Wednesday, September 08, 2004

How to distract your readers

I've been reading Phillip Jose Farmer's Riverworld series, and am almost finished with book three, The Dark Design. I completely agree with the reviewers at Amazon.com who comment on Farmer's “asides” that give him a chance to include his own philosophy, thinly disguised as a character's thoughts, dreams, or whatever. The later Terry Goodkind books have the same flaw. So, to you budding writers out there, avoid this error.



But, frankly, even more distracting to me is the ridiculous attempt at multiculturalism (I can only assume) by including most measurements in both English and metric system, or both 12- and 24-hour time.
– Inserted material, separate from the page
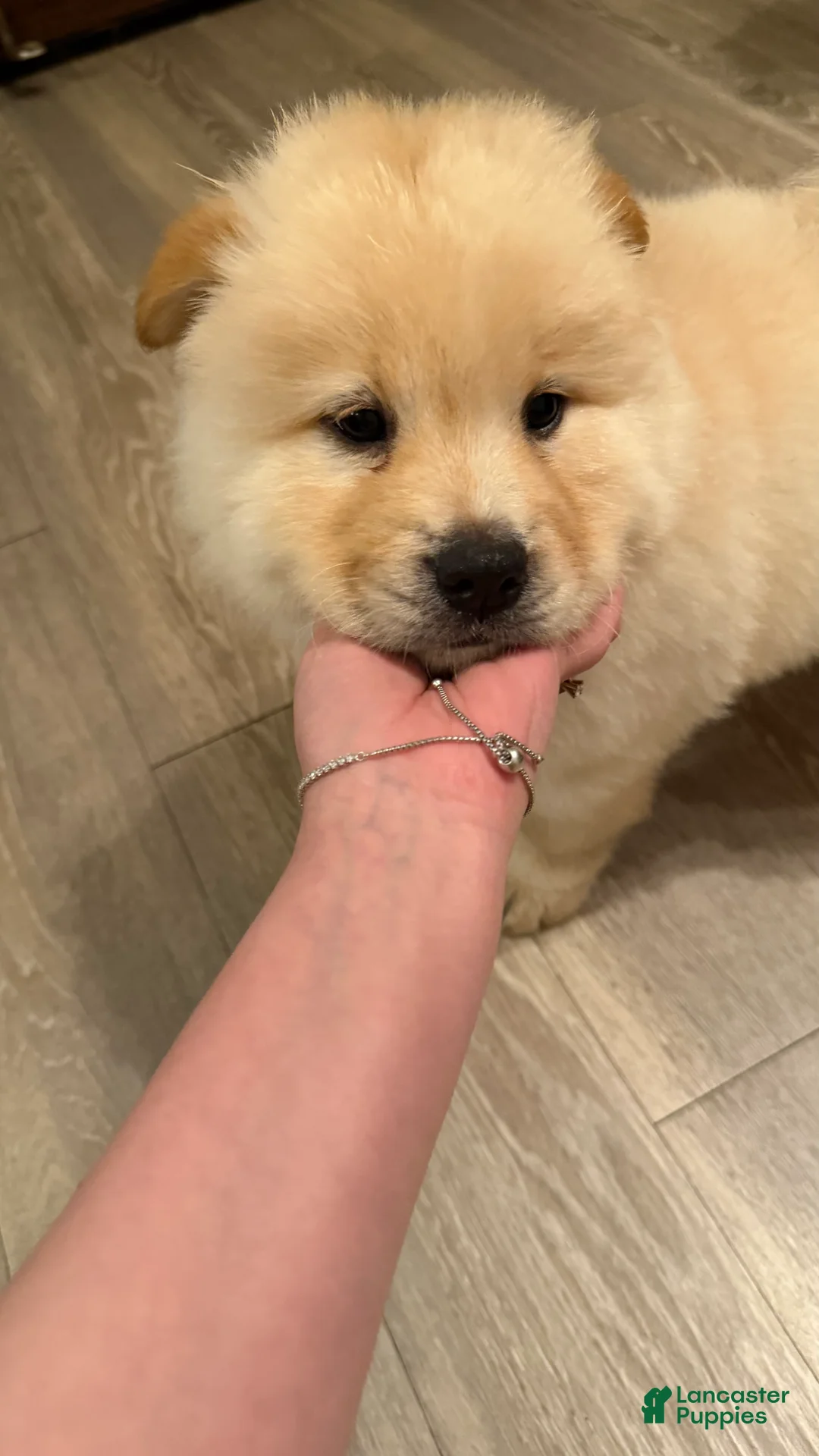 Chow Chow dogs for sale: Ferox - Ad 2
This results in ludicrous phrases like:





Jill had assumed, along with everybody else she knew, that the mountains were from 4564 to 6096 meters high.
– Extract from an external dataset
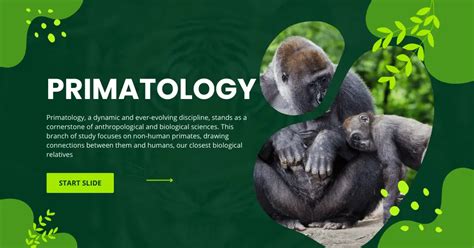 Introduction to Primatology | Anthroholic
What? Nobody assumes such ranges with figures like that. They'd say something like “4500 to 6000 meters [or metres?] high.” Or worse:





On the average, The River was 2.4135 kilometers or a mile and a half wide.



or



The first mate, Tom Rider also known as Tex, stood about 5.08 centimeters or 2 inches shorter than Frigate's 1.8 meters or 6 feet.





About 5.08 centimeters? Are you sure it wasn't about 5.080036 centimeters?



Whatever the merits of inclusivity, this is not one of them. Please, if anyone reading this (is anybody reading this?) is thinking of writing, never, never, never do this.



(That said, I did notice that the Ensign has started including metric system estimates (in parentheses) where relevant. They do a much better job than the above quotes.)